§ Description of the task
Your output should be the complete listing, word for word, with no pictures in it.

◆ ◆ ◆ ◆

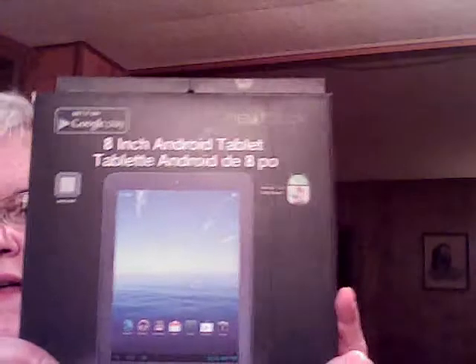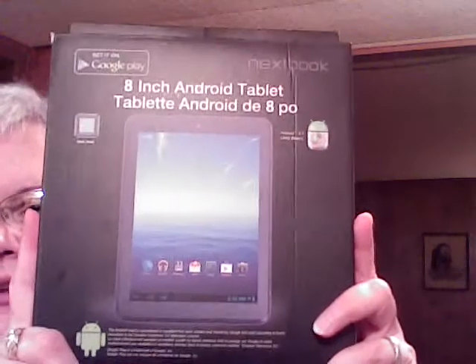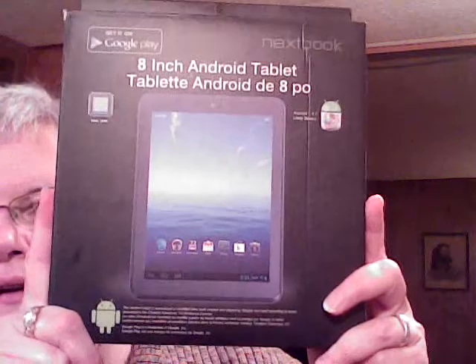Next I brought out the box. That's what the box looks like — eight-inch Android tablet, dual core, with Android 4.1 Jelly Bean.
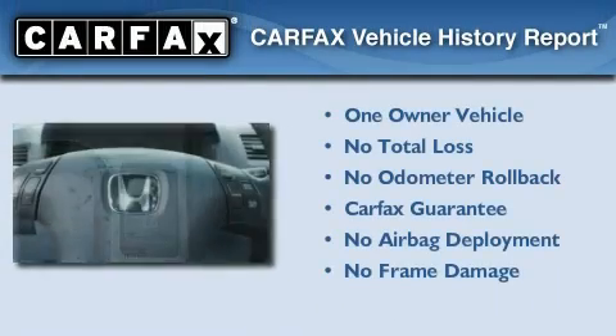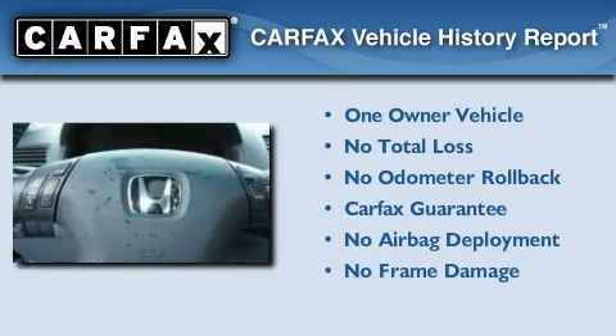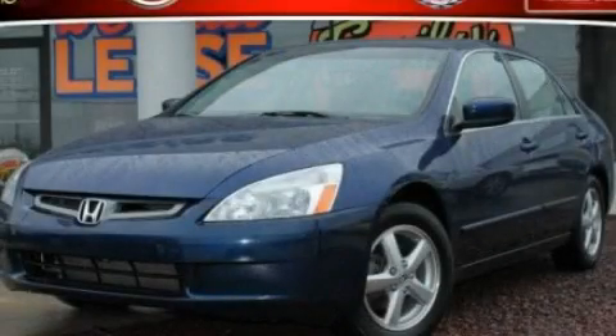This Honda has had only one owner, and it qualifies for the Carfax buyback guarantee. Stop by today and test drive this vehicle for yourself.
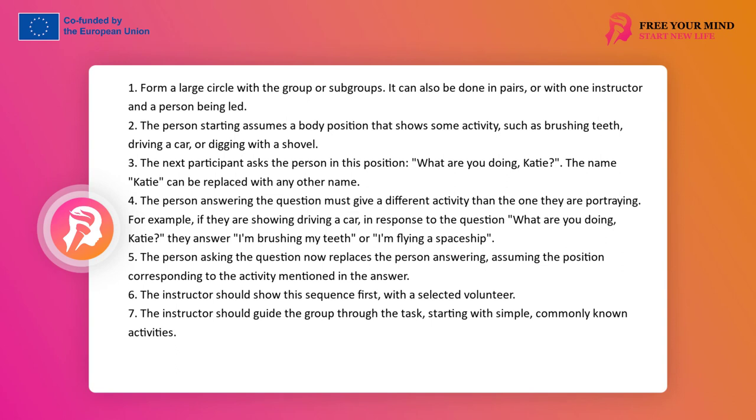The person asked answers the question 'What are you doing, Keisha?' However, their answer should contain content other than the action or body position they are currently showing. In other words, when I show driving a car and am asked 'What are you doing, Keisha?', I answer, for example, 'I'm brushing my teeth' or 'I'm flying a spaceship.' At this point, the person asking has the task of taking the place of the person answering and start showing the action that was mentioned in the answer.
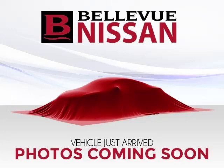Are you ready to experience this vehicle for yourself? Then call today to schedule your test drive, and remember to ask about our low internet financing.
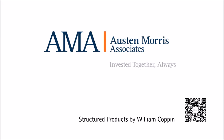Hi, my name is James Colcliffe. I'm the Managing Senior Partner of Austin Rose Associates. I'm joined today in our Shanghai office with William Coppin, one of our partners here at the company. William, there's a lot of talk at the moment about structured products and how they may fit within someone's portfolio. How would you explain structured products to a new investor?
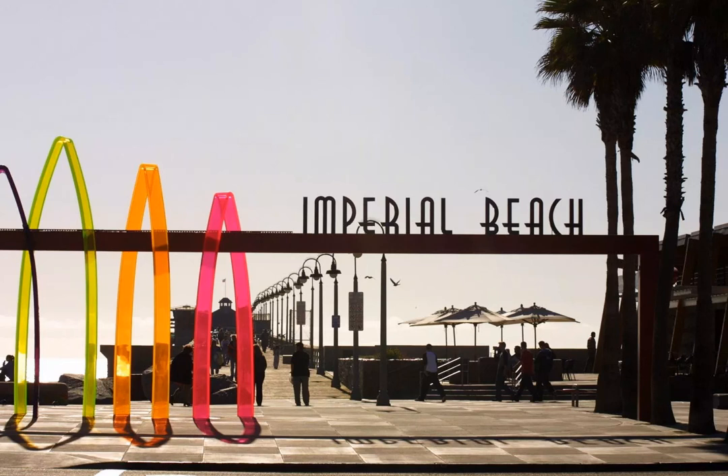The narrow Silver Strand isthmus, popular for camping, connects Imperial Beach to Coronado.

◆ ◆ ◆ ◆

§ Problem solution
Next I brought out the box. That's what the box looks like — eight-inch Android tablet, dual core, with Android 4.1 Jelly Bean.
This Honda has had only one owner, and it qualifies for the Carfax buyback guarantee. Stop by today and test drive this vehicle for yourself.
The person asked answers the question 'What are you doing, Keisha?' However, their answer should contain content other than the action or body position they are currently showing. In other words, when I show driving a car and am asked 'What are you doing, Keisha?', I answer, for example, 'I'm brushing my teeth' or 'I'm flying a spaceship.' At this point, the person asking has the task of taking the place of the person answering and start showing the action that was mentioned in the answer.
Are you ready to experience this vehicle for yourself? Then call today to schedule your test drive, and remember to ask about our low internet financing.
Hi, my name is James Colcliffe. I'm the Managing Senior Partner of Austin Rose Associates. I'm joined today in our Shanghai office with William Coppin, one of our partners here at the company. William, there's a lot of talk at the moment about structured products and how they may fit within someone's portfolio. How would you explain structured products to a new investor?
The narrow Silver Strand isthmus, popular for camping, connects Imperial Beach to Coronado.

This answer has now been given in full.